A short car ride develops into a leisurely trip as Jacques, a French foodie, stops every hour or so to sample new food. He is flirtatious with Anne, but she begins to question his intentions when he repeatedly uses her credit card to pay for the meals they are sampling.

They visit a church (the 11th-century Romanesque Basilica of St Magdalene in Vezelay, France) where Anne grieves the baby she lost, and tells Jacques she wears her locket necklace in his honor. They share a romantic dinner together where Jacques admires Anne's photography, and asks why she doesn't share it with her husband.

Later, on the road, Jacques confides that only he knows his brother's death was a suicide, and he carries that burden so his nephew doesn't have to know. They finally reach the place where Anne is staying and almost kiss, but the elevator doors close in on them. Anne sees Jacques has driven away, but he returns to kiss her passionately and ask her to a rendez-vous with him later in San Francisco.

The morning after, just before her husband is meant to arrive in Paris, she receives a package from Jacques with chocolate roses and the money she had lent him on the trip. It includes a note that reminds her of the restaurant they will be meeting at, and she smiles at the camera, pleased.

==Cast==
- Diane Lane as Anne Lockwood
- Alec Baldwin as Michael
- Arnaud Viard as Jacques
- Élise Tielrooy as Martine
- Laure Sineux as Hotel Receptionist

==Production==
In February 2015, it was announced Eleanor Coppola would direct the film from a screenplay she had written, with Diane Lane, Yvan Attal and Nicolas Cage joining the cast of the film, with Fred Roos producing under their American Zoetrope banner.

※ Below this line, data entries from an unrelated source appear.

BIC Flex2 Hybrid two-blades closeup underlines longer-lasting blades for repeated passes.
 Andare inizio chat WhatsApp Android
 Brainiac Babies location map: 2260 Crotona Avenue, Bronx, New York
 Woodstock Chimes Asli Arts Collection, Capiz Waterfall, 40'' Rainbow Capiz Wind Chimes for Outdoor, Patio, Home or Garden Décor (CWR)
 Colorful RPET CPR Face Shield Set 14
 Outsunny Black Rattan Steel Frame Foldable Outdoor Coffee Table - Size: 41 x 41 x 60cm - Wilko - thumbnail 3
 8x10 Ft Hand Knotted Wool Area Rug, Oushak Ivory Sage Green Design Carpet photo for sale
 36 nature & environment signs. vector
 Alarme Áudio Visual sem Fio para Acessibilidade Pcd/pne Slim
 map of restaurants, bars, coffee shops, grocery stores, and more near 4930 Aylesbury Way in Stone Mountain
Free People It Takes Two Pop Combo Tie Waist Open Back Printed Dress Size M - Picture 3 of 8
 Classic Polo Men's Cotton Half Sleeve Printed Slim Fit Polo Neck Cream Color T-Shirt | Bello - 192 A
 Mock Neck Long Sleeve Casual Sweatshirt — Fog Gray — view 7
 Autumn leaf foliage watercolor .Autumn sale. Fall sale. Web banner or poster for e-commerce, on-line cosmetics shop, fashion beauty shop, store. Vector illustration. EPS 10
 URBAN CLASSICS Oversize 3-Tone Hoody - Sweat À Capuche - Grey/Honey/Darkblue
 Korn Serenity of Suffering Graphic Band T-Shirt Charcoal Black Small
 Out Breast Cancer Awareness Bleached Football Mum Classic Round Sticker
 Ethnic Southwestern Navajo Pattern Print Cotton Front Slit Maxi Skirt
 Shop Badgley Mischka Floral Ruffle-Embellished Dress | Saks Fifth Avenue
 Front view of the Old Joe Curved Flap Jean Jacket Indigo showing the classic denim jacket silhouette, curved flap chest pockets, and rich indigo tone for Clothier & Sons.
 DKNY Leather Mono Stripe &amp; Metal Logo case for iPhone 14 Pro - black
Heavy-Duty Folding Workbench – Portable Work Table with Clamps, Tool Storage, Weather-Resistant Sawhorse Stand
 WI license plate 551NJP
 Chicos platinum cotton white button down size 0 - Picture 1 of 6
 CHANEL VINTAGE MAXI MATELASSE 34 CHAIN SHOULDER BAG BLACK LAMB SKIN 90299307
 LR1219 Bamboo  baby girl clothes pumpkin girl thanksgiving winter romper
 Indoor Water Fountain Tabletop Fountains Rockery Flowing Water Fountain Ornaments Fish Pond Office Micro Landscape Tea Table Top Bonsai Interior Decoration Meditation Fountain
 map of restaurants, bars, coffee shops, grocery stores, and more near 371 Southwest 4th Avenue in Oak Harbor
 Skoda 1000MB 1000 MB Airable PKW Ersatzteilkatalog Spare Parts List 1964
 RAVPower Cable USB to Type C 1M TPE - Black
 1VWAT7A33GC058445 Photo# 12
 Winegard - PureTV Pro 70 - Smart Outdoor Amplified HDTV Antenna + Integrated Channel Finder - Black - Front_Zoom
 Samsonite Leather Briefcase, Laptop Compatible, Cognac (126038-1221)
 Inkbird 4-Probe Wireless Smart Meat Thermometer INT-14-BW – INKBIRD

In September 2015, it was announced Arnaud Viard and Alec Baldwin had joined the cast of the film, replacing Attal and Cage, respectively, with Lifetime joining as a co-producer.

===Filming===
Principal photography began on June 15, 2015 and concluded on July 31, 2015.

==Release==
The film had its world premiere in the Special Presentations section at the 2016 Toronto International Film Festival on September 12, 2016. Shortly after, Sony Pictures Classics acquired North American distribution rights to the film, releasing it on May 12, 2017.

==Reception==
On review aggregator Rotten Tomatoes, the film has an approval rating of 47% based on 111 reviews, with an average rating of 5.39/10. The site's critical consensus reads, "Paris Can Waits likable stars are ill-served by a film that lacks interesting ideas or characters and has little to offer beyond striking travelogue visuals." On Metacritic, the film has a score of 48 out of 100, based on 25 critics, indicating "mixed or average reviews".